● GIVEN RECORDS
· · · · · · ·
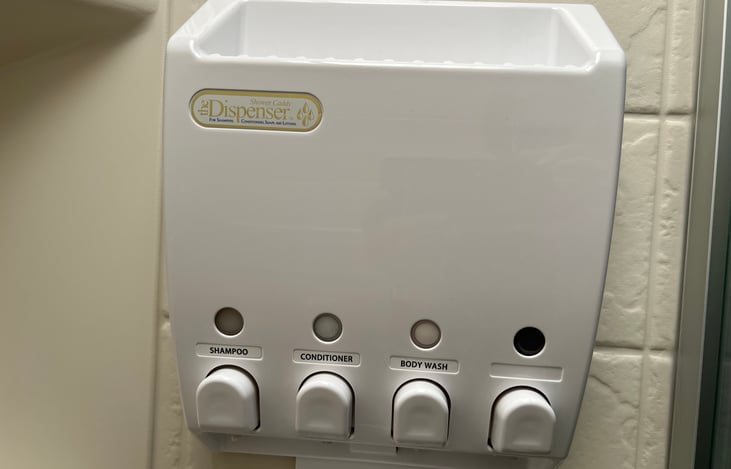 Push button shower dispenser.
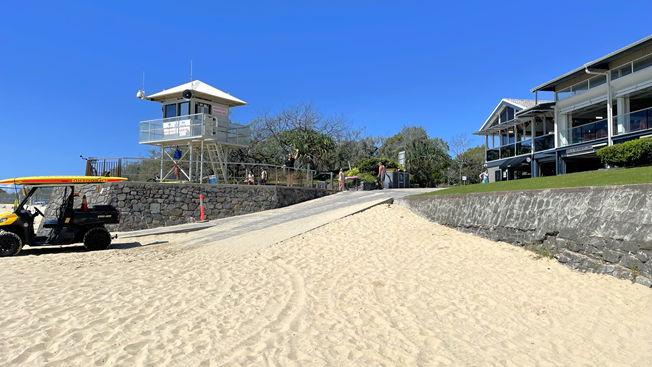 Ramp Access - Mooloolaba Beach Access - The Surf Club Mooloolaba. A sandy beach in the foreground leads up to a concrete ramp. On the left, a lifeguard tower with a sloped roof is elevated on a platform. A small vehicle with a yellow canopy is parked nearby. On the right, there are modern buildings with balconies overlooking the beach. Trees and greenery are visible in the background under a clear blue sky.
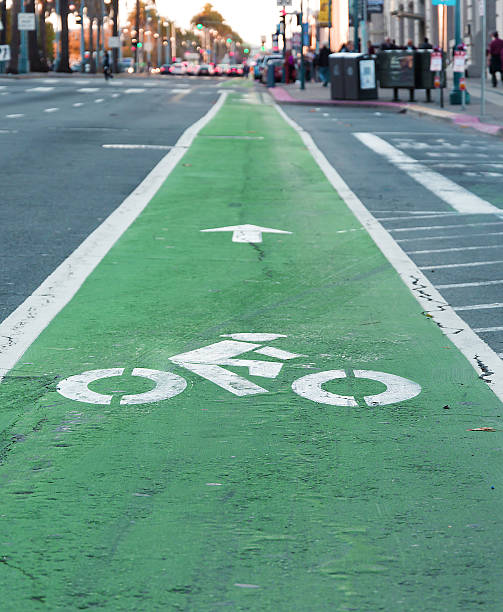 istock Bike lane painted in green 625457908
· · · · · · ·
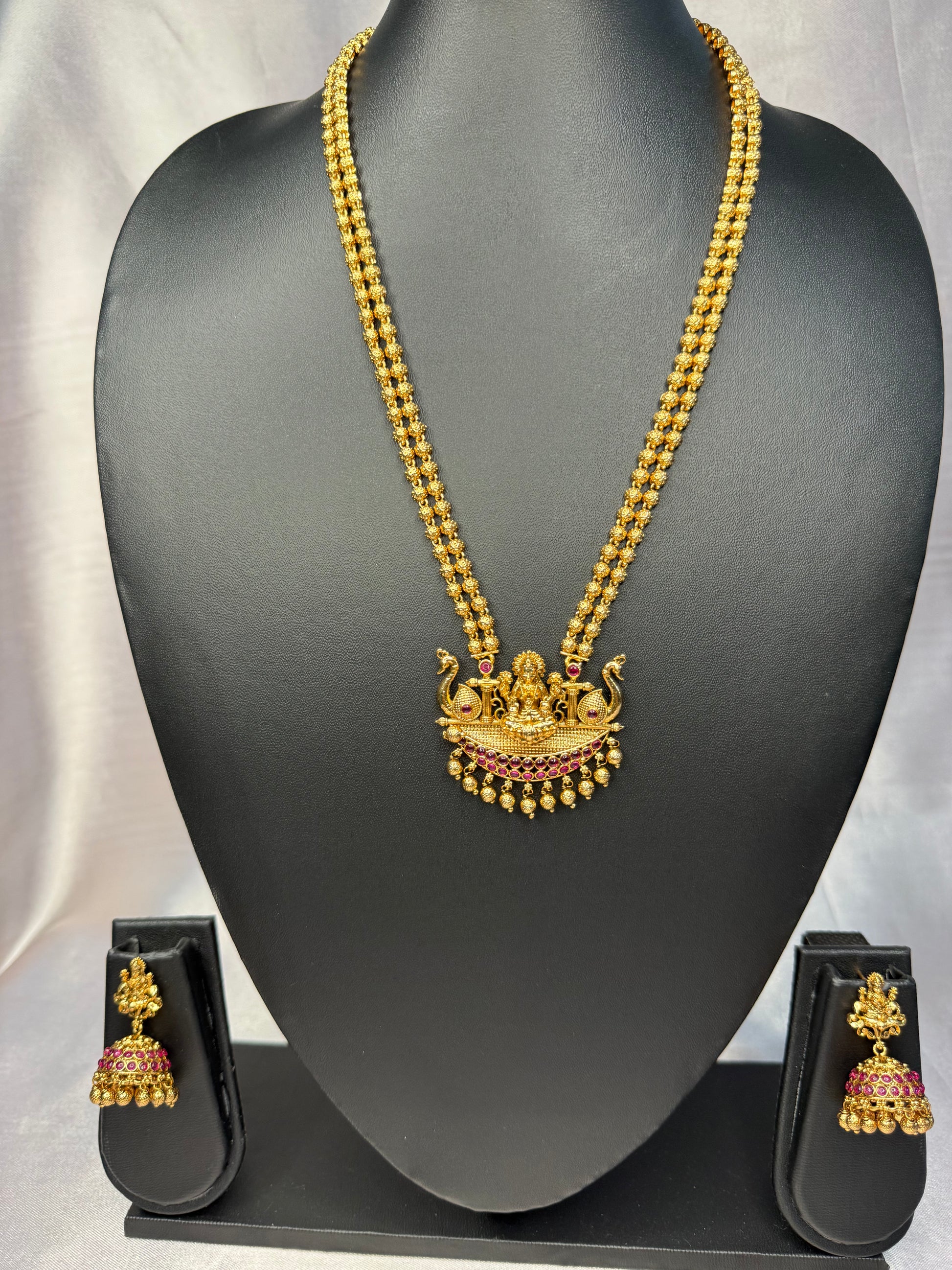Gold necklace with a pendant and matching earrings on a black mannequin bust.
· · · · · · ·
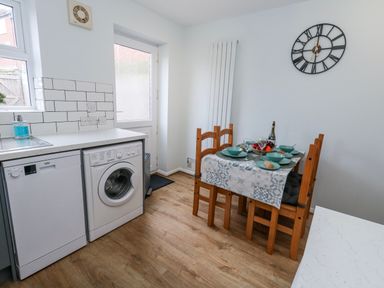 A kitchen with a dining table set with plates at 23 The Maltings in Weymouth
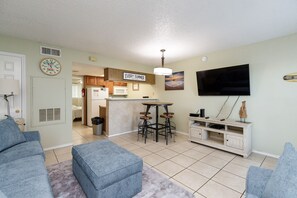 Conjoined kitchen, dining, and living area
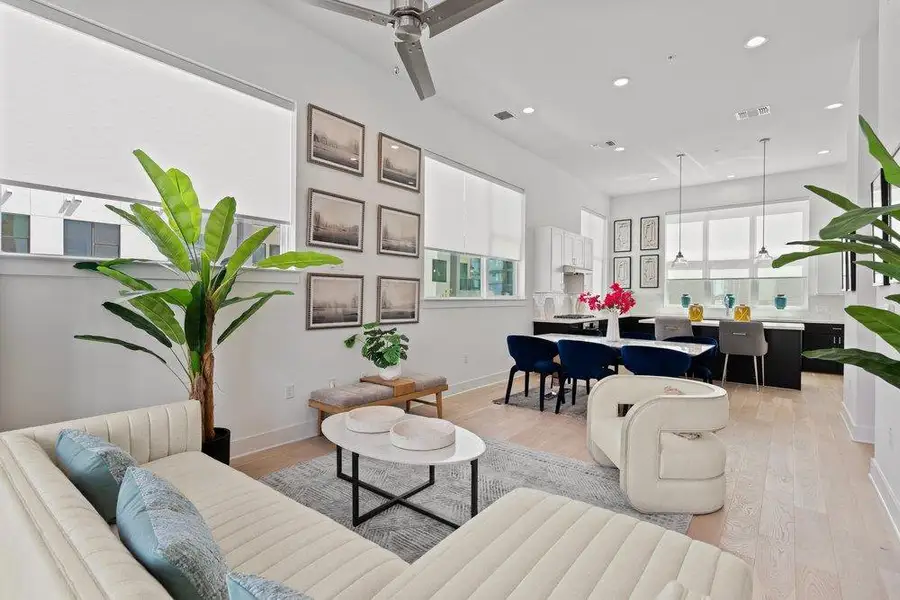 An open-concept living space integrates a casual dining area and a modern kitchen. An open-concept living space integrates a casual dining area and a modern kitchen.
· · · · · · ·
● TASK DIRECTIONS
Copy exactly the part of the material above that opens with the line containing "Conjoined kitchen, dining, and living area" and closes with the line containing "modern kitchen. An", ends included. Drop the images.

● OUTPUT BELOW
 Conjoined kitchen, dining, and living area
 An open-concept living space integrates a casual dining area and a modern kitchen. An open-concept living space integrates a casual dining area and a modern kitchen.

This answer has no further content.